A Scottish mental health clinician speaks out, in today's Sunday Times:
I have worked for 20 years with mental health patients in Scotland. Before the pandemic I saw only two people who were transitioning. Both were men who identified as women.
My caseload is small because my patients have complex problems. Over the past two and a half years, however, I have looked after nine female patients who wish to be men. Most are in their late teens to early twenties. Emotionally they are quite young.
They are in fact among the most vulnerable patients I have seen, often struggling with multiple mental health issues after difficult childhoods.

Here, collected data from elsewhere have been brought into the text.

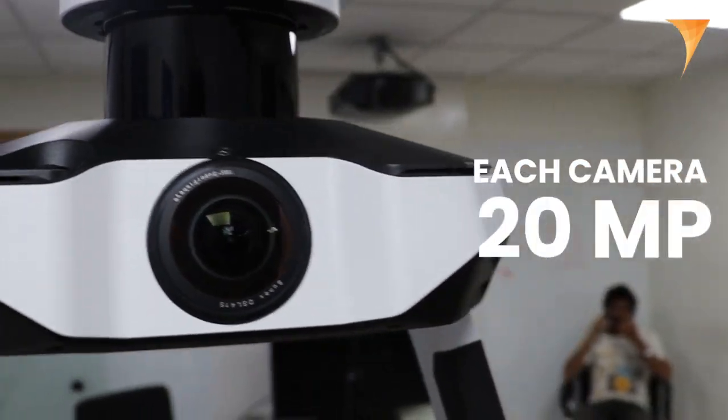The VLX3 machine is also equipped with four cameras, each having 20 megapixels. This camera setup enables detailed visual documentation of the surveyed environment, enhancing the overall data capture process.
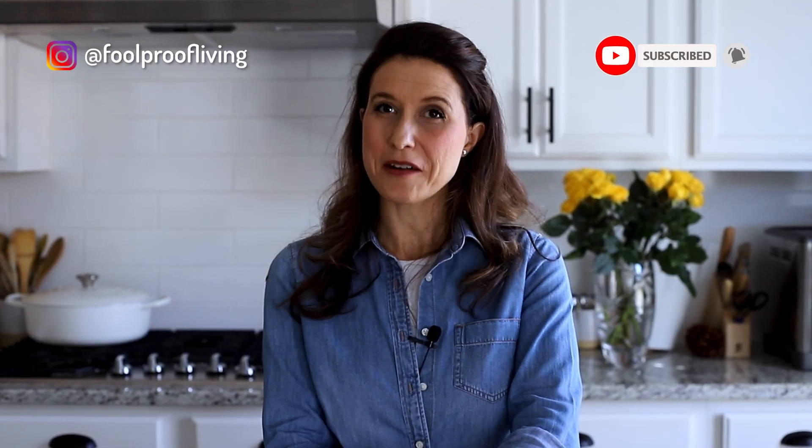If you enjoyed this video and learned a thing or two, it will be so helpful if you give it a thumbs up and subscribe to my channel. Thanks for watching. I will see you next time.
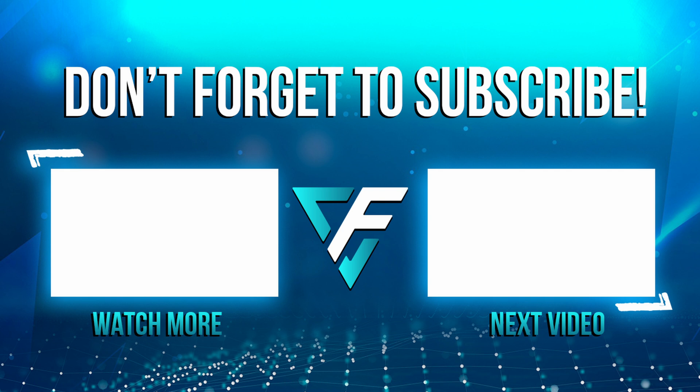Big thanks to Kingston for sending it out. Thank you, that's it.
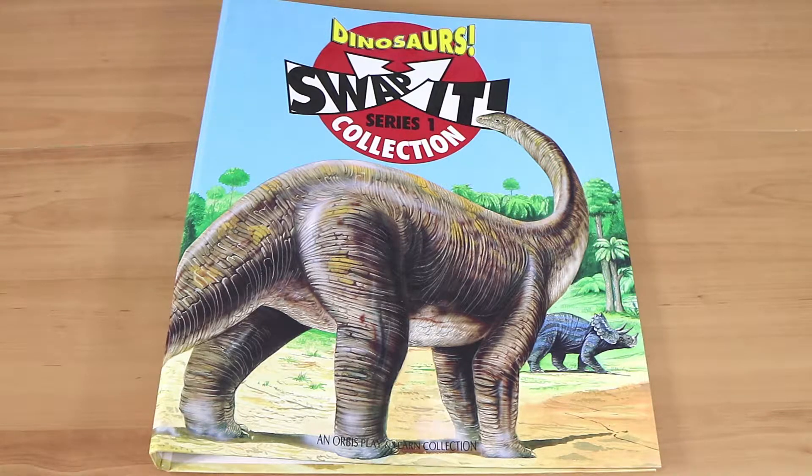Good morning, good afternoon, good evening. I'm here with my wonderful wife Laura, and I'm here with my roaringly good husband Nathan, and we're here to take a look — a flip through — of the Dinosaurs Swap It Series One collection.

Dr Hilary Cass, who wrote the report on the Tavistock Gender Identity Development Service in England, addressed the Scottish parliament last week.

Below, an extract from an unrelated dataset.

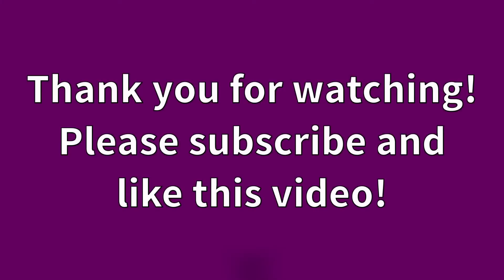Go ahead and follow me on my social media — I have Facebook, Snapchat, Twitter, Instagram, Pinterest, and a WordPress blog. I also have a vlog channel where I try to upload on Sundays. I hope to see you over there this Sunday. Thanks for watching and have a great day — bye bye!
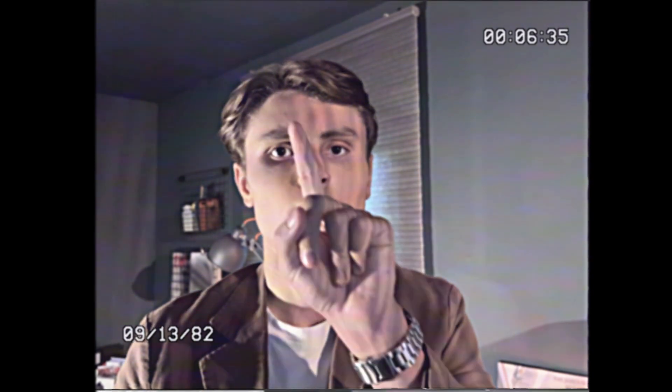Now I'm going to hold up my finger like this. I want you to take your finger, touch my finger, and then touch your nose. If I move my finger, follow along. We're going to begin with your right hand. Put it up here. Now your left hand.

Just as she says, some of my patients are on the autistic spectrum, others have survived childhood trauma including neglect and sexual abuse. Among those transitioning are patients with eating disorders, patients using self-harm to cope and patients with borderline personality disorders who struggle with distress.

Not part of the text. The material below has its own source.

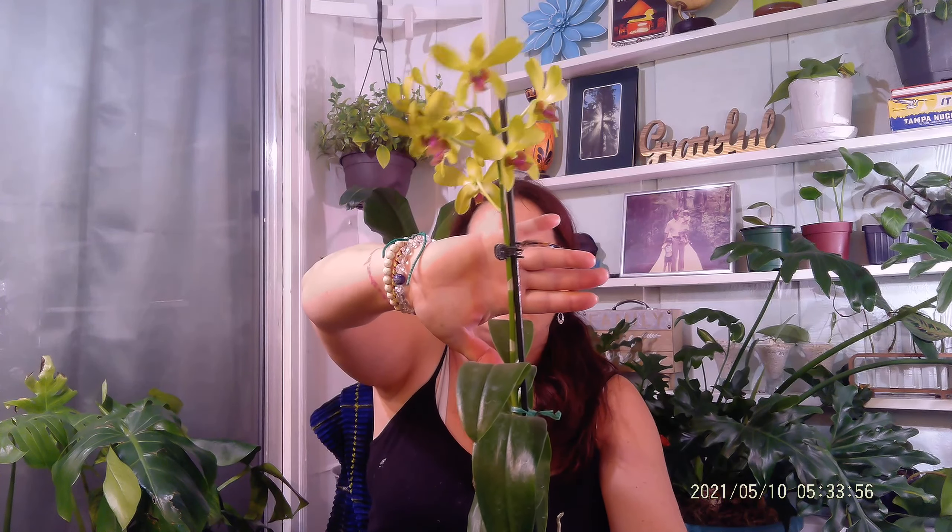Another plant I picked up recently is this beautiful orchid. I'm not that good with orchids — not knowing their names — and I'm new to the care of orchids. I have a handful, and I have yet to get any of them to re-bloom for me, or if I bought them without blooms, to bloom for the first time. But they are all growing foliage and seem to be doing good. Once this loses its flowers, I think I'll have a hard time getting it to re-bloom.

During our appointments some patients have described growing up without clean clothes or help with basic personal hygiene. They have talked about their poor social circumstances and being unable to afford the normal things most children have. They grew up feeling they were on the outside, ostracised by their parents and their peers.
They have endured all of this, pouring their energy into surviving at the cost of maturing. And then, with little idea of their own identity, they have found the camaraderie of a trans peer group and embraced the idea that they were born in the wrong body.
They now believe it is their body that is wrong and needs to change. This view has then been endorsed by the NHS, schools and even politicians. No one has said to them: “You are fine just the way you are. Let’s help you.”…
Professionals seem too frightened to question whether changing gender is what these patients really need….
I worry that many will look back at the NHS in a few years and think: “What have you done to me? I have no breasts and I cannot have children. My life is wrecked just like my childhood was wrecked.” I feel I am seeing a medical scandal unfold before my eyes.